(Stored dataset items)
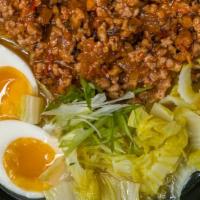 Dandan Mian · Spicy soup with ground pork, mushroom, soft boiled egg and veggies.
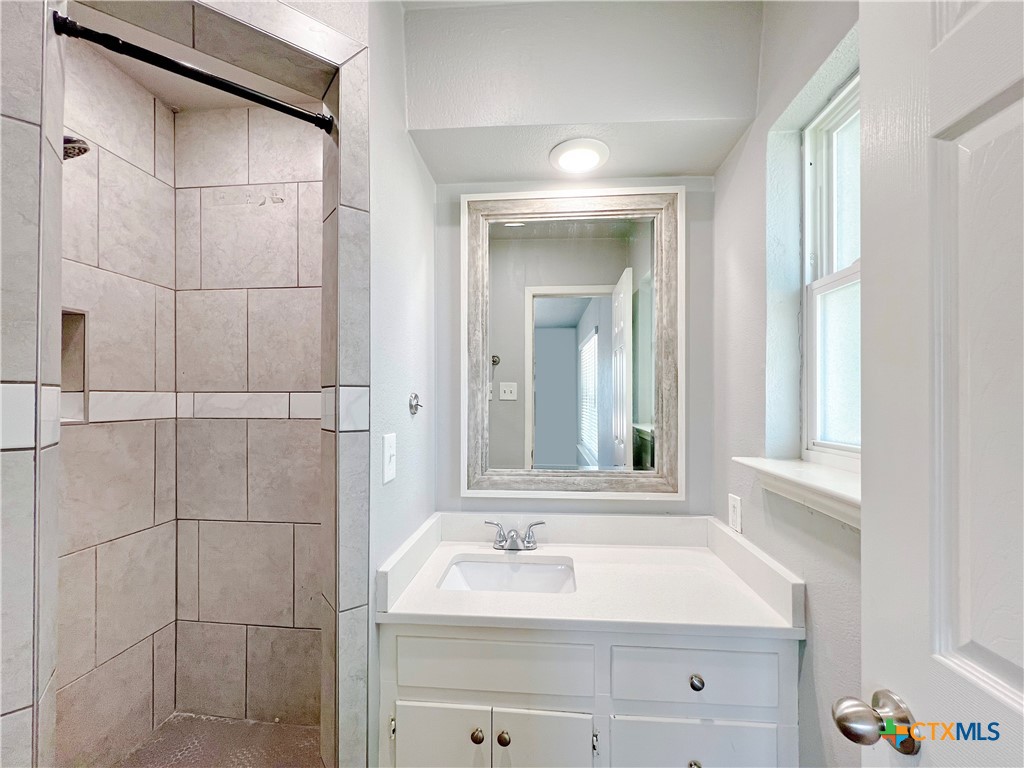 1311 West Main Street Gatesville, TX 76528 - Photo 19 of 30 a bathroom with a sink and a mirror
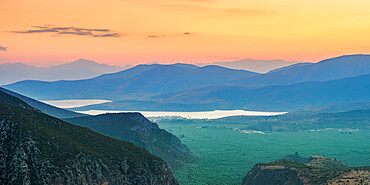 View over the Pleistos River Valley towards the Gulf of Corinth at dusk, Delphi, Phocis, Greece, Europe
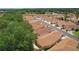 Aerial view of a well-planned community with mature trees, single-Gathering homes, and manicured lawns near a lake at 1121 Ricardo Ave, The Villages, FL 32159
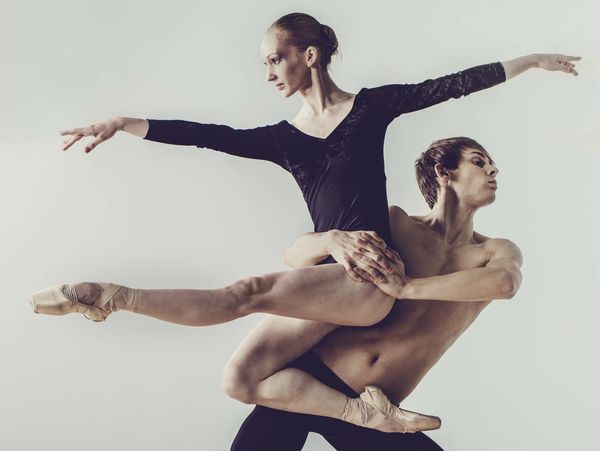 Male and female ballet dancers performing lift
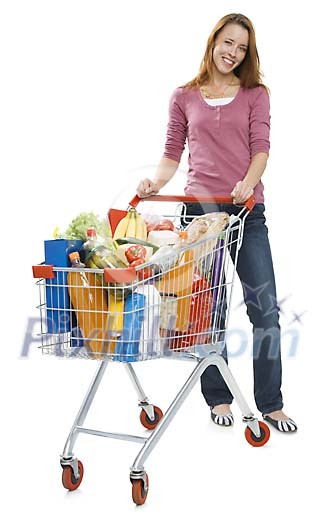 Isolated woman with a shopping cart full of groceries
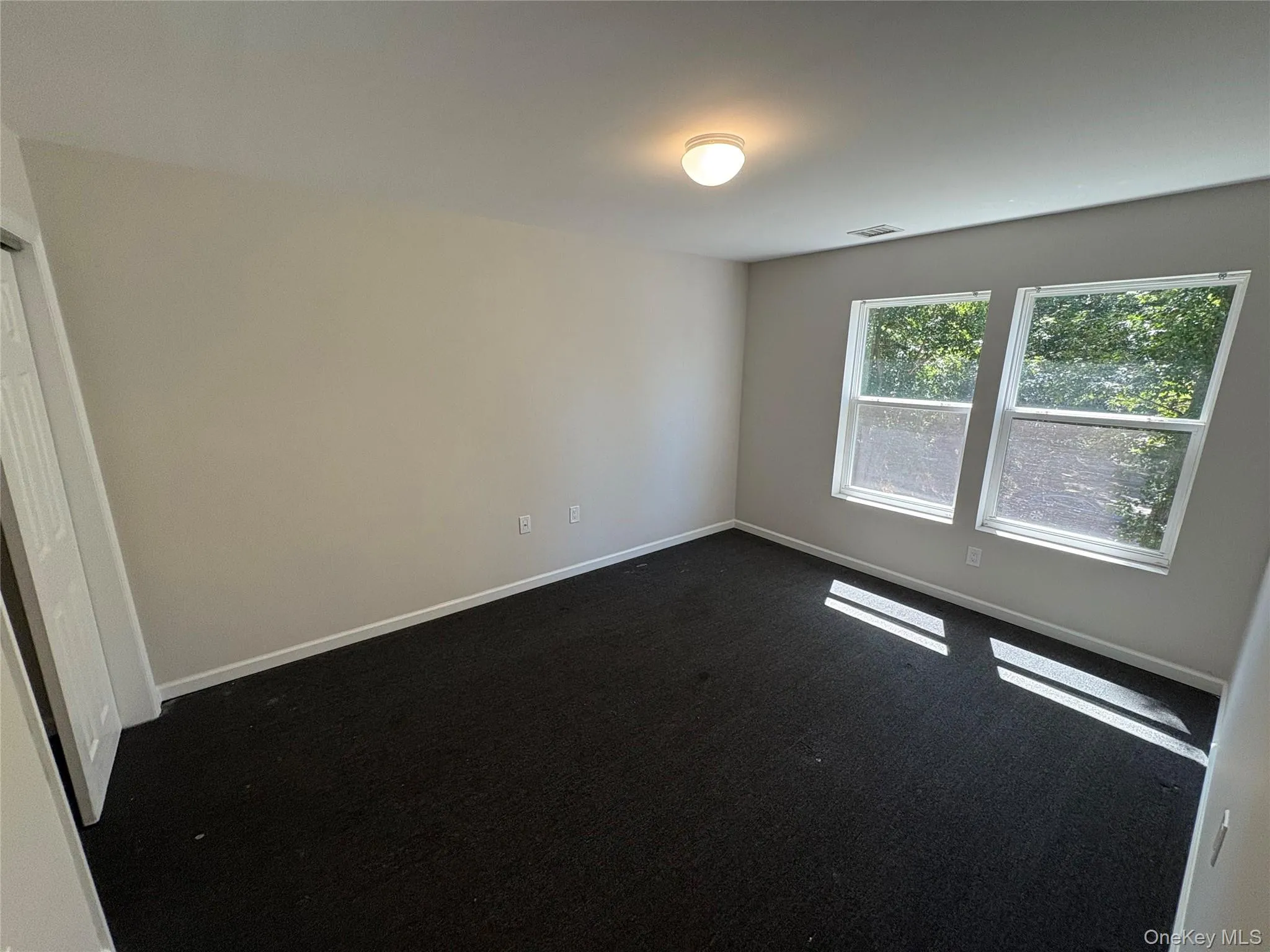 Carpeted empty room featuring baseboards Carpeted empty room featuring baseboards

• **WHAT THE TASK REQUIRES**:
Copy the lines exactly. Start at the line with "View over the", end at the last line above, include both, and omit all pictures.

• **RESPONSE TO THIS TASK**:
 View over the Pleistos River Valley towards the Gulf of Corinth at dusk, Delphi, Phocis, Greece, Europe
 Aerial view of a well-planned community with mature trees, single-Gathering homes, and manicured lawns near a lake at 1121 Ricardo Ave, The Villages, FL 32159
 Male and female ballet dancers performing lift
 Isolated woman with a shopping cart full of groceries
 Carpeted empty room featuring baseboards Carpeted empty room featuring baseboards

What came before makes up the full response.